While most slaves who went to the Americas could marry and have families, most of the male slaves destined for the Middle East were castrated and most of the children born to the women were killed at birth.
Azumah pronounces the denial of the facts concerning the on-going Islamic Slave Trade as 'obscene.'

To those whose male ancestors survived American Slavery long enough to ensure that the former would be alive in the twenty-first century and, therefore, be able to refer to me as a House Negro for suspecting the motives of the putative builders of the "Ground Zero" Mosque, I feel pity.

That pity is mixed with a sense of astonishment, however, at this conclusion: that so many black people are so well indoctrinated with perpetual anger at the sins of America's past, that they would ignore the more egregious sins of Islam's present and desired future.  Hurling epithets and pretending that the opponents of the "Ground Zero" Mosque want to stifle freedom of religion is a lot easier than gathering the pertinent facts, connecting them, analyzing them and coming to a cogent conclusion, it seems.

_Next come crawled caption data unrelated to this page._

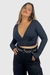 Cropped decote V Manga Longa Lorraine Preto na internet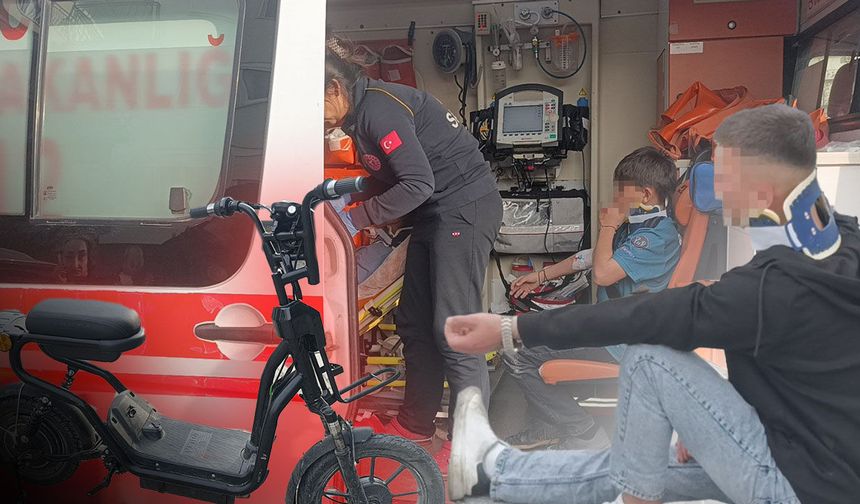 Antalya'da feci kaza: 3'ü çocuk 4 kişi yaralandı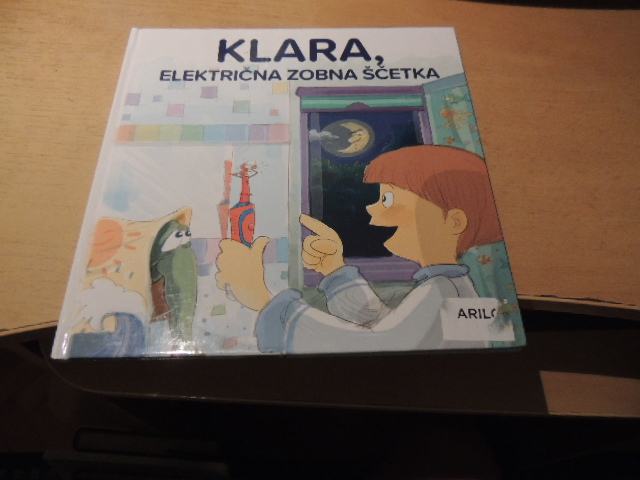 KLARA, ELEKTRIČNA ZOBNA ŠČETKA Y. SACHNAI COMMUNSIS POLJSKA 2018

On the other hand, perhaps such people have indeed concluded that Islam would like to expand its near destruction of those of African descent--with black men being the special and specified targets for annihilation.  Perhaps the slinging of epithets, etc. is merely a smokescreen--an insurance for the future.  Such people will be able to say to their future masters, "see? I stood up for the Ummah against that infidel, Ochieng."

Maybe such people are merely trying to protect their own testicles--such as they are.

Enslave a man's mind and the rest of him--including his testicles -- will follow; no more need for physical chains.

UPDATE 2017: John Alembillah Azumah's bonafides: he was the Director of the Centre for Islamic Studies at the London School of Theology. He is a convert from Islam to Christianity. From his Wikipedia profile:
He identifies five faces of Islam as: “the missional face (the face that seeks to convert the world to Islam), the mystical face (the face that focuses more on spiritual things), the ideological or political face (the face that seeks to occupy the public sphere by implementing sharia or Islamic law), the militant face (this is the face of Islam that seeks to achieve its ends by the use of violence), and the progressive face (this face is usually self-critical and seek to reread the Koran in light of present realities).” He believes that many Christians only see Islam through one of these faces and urges them to see Islam instead as an amalgamation of them all.
It appears that Azumah may have returned to his native Ghana, but I imagine that he stays on the move.